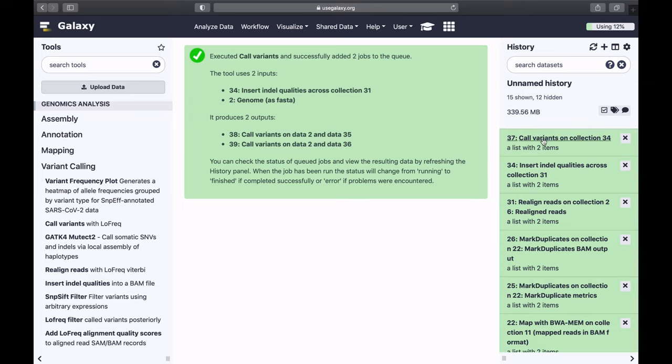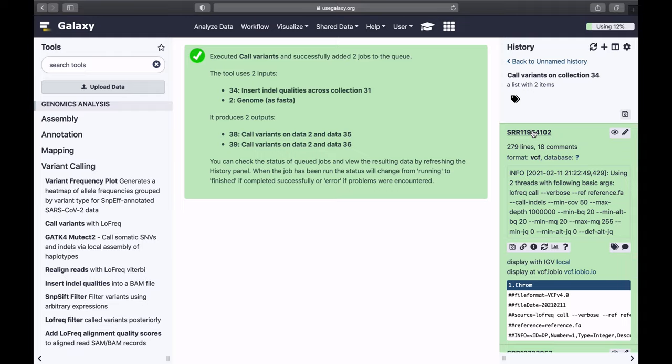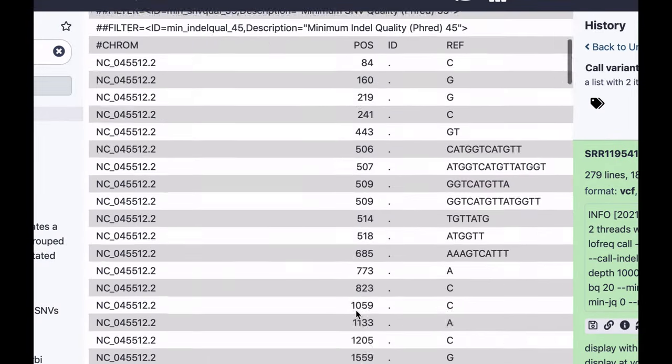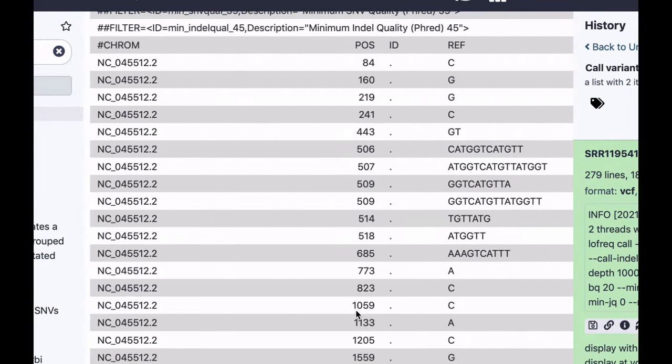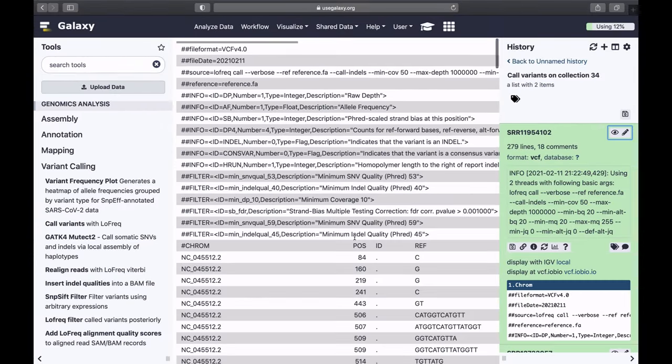So variants are called. You can see that we now have two data sets in VCF format. VCF format looks like this. Now we need to annotate them, meaning which variants are in coding regions, which are not, and so on.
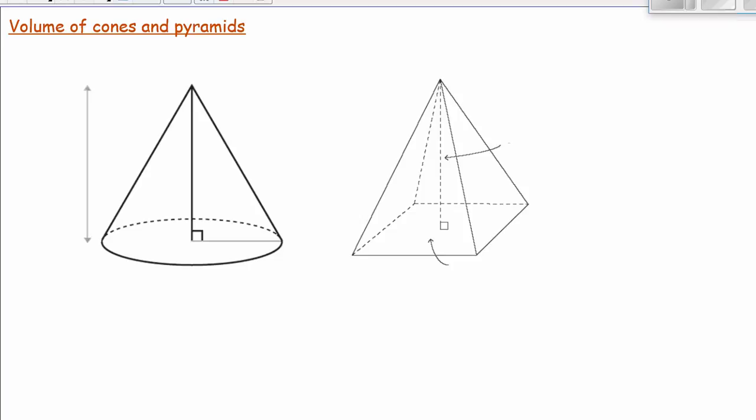In this video, I'm going to look at volumes of cones and pyramids. Before I look at volumes of cones and pyramids, I just want to look at some specific variables that you need to know about cones and pyramids. What I have on the left is what is called a cone.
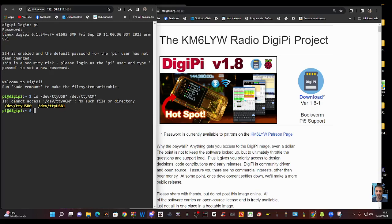So it shows up here - it says 'cannot access DEV TTY ACM star: no such file or directory' - but it is showing up these two yellow items. Hopefully that's going to help you. And Craig, if you watch this video, please tell me if this is correct, if I'm now showing a connected radio there.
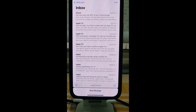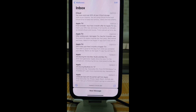Hey, hi there! Today I'm going to show you two useful tips for Mail on your iPhone. The first tip is how to select multiple emails.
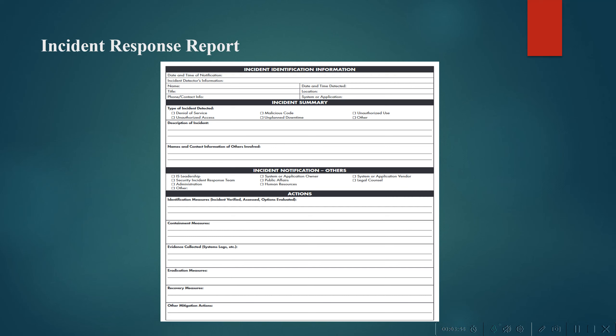Then comes the preparation of the incident response report. This is crucial after the incident response action plan has been successfully executed. The incident responder and the team should prepare a thorough report that will be forwarded to upper management. It includes all details about the attack — how it happened, what was done, and how the issue was rectified. This report is mandatory after every incident response plan of action.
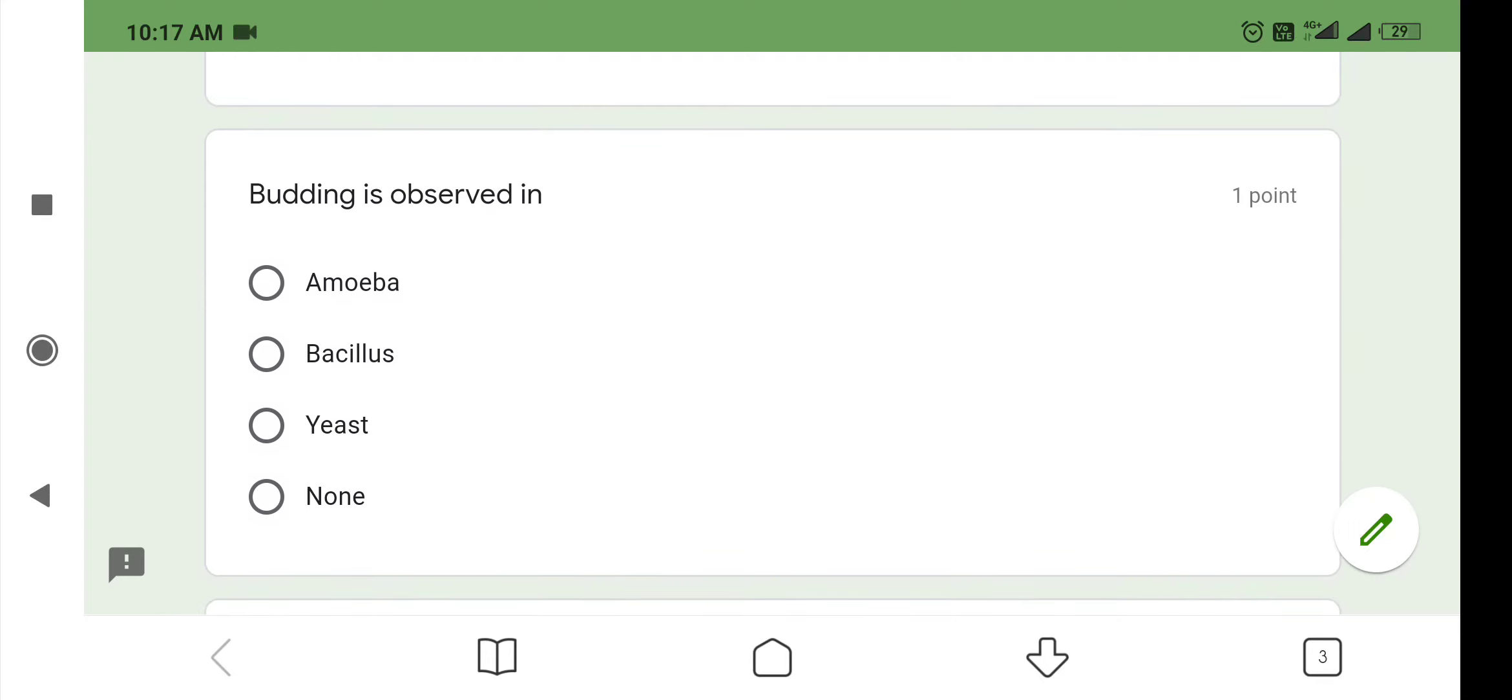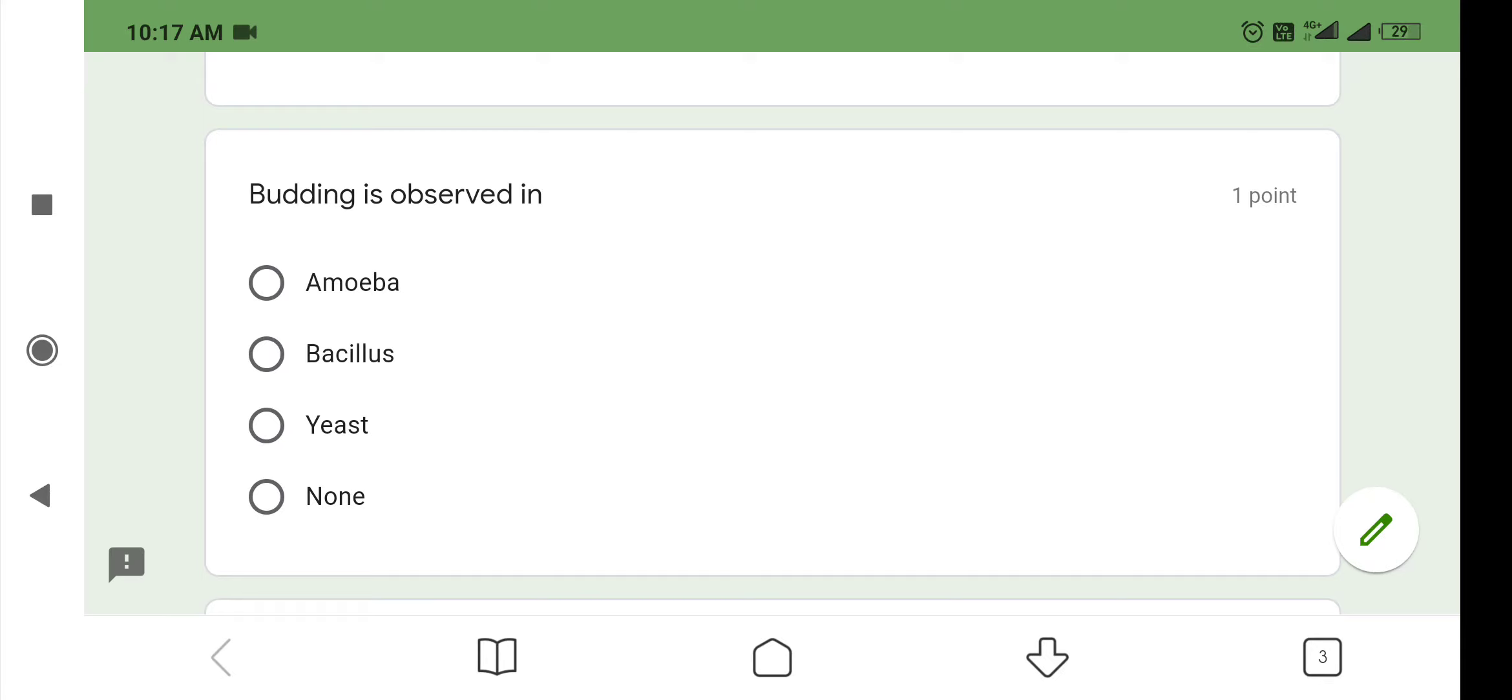The next question is: Budding is observed in which organism? Option number one, amoeba. Option number two, bacillus. Option number three, yeast. Option number four, none. As we all know, amoeba reproduces through binary fission. In the same manner, bacillus also reproduces through binary fission. Yeast reproduces through budding. So, the option is yeast.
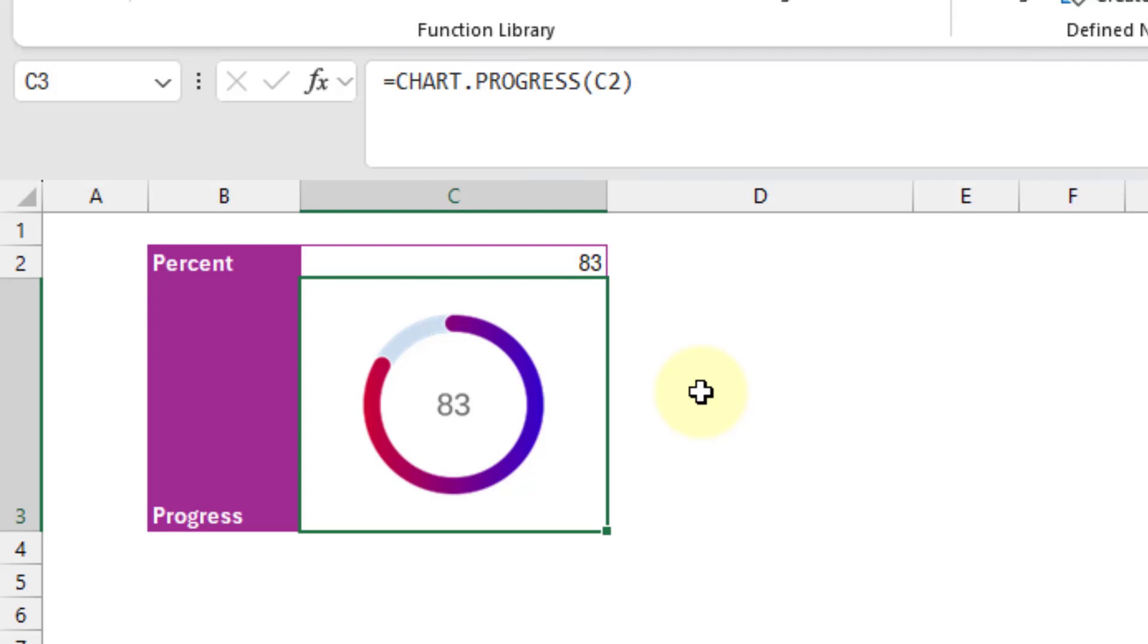Hey everyone, it's John here, and in this video I'm going to show you how to create a custom function that's going to produce a radial progress chart inside a cell.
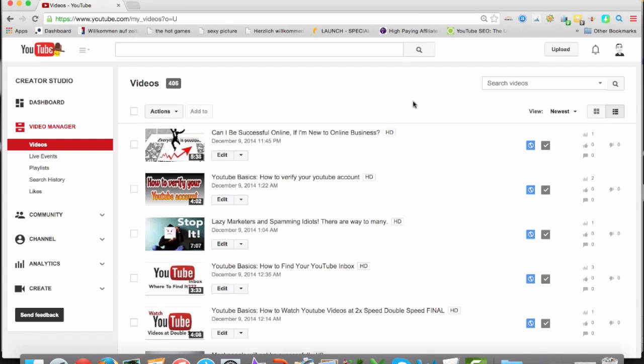Because sometimes, maybe you have a video, a really popular one, an older one, and information in there are outdated. And then, actually, you should or you have to take it down, delete it, and upload it new with the updated information.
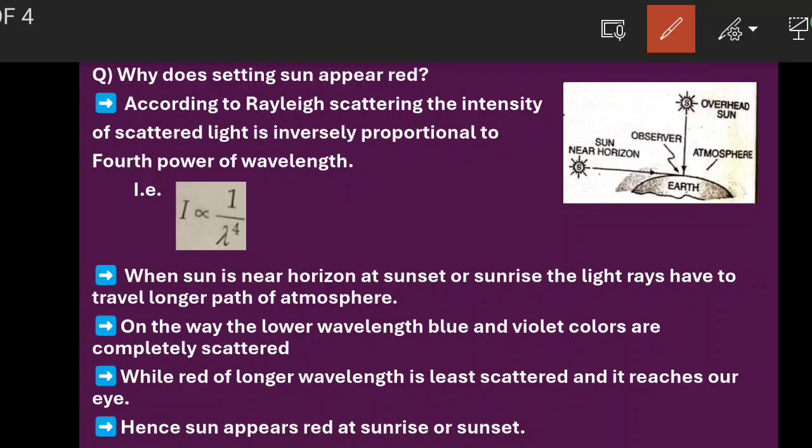Hello students, let us discuss about why does the setting sun appear red. According to Rayleigh scattering, the intensity of scattered light is inversely proportional to the 4th power of wavelength.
**********
» **Task**
The answer is the lines above, word for word, from the first one through the one containing "Then comes the"; it includes no pictures.

» **Problem solution**
So variants are called. You can see that we now have two data sets in VCF format. VCF format looks like this. Now we need to annotate them, meaning which variants are in coding regions, which are not, and so on.
In this video, I'm going to look at volumes of cones and pyramids. Before I look at volumes of cones and pyramids, I just want to look at some specific variables that you need to know about cones and pyramids. What I have on the left is what is called a cone.
So it shows up here - it says 'cannot access DEV TTY ACM star: no such file or directory' - but it is showing up these two yellow items. Hopefully that's going to help you. And Craig, if you watch this video, please tell me if this is correct, if I'm now showing a connected radio there.
Hey, hi there! Today I'm going to show you two useful tips for Mail on your iPhone. The first tip is how to select multiple emails.
Then comes the preparation of the incident response report. This is crucial after the incident response action plan has been successfully executed. The incident responder and the team should prepare a thorough report that will be forwarded to upper management. It includes all details about the attack — how it happened, what was done, and how the issue was rectified. This report is mandatory after every incident response plan of action.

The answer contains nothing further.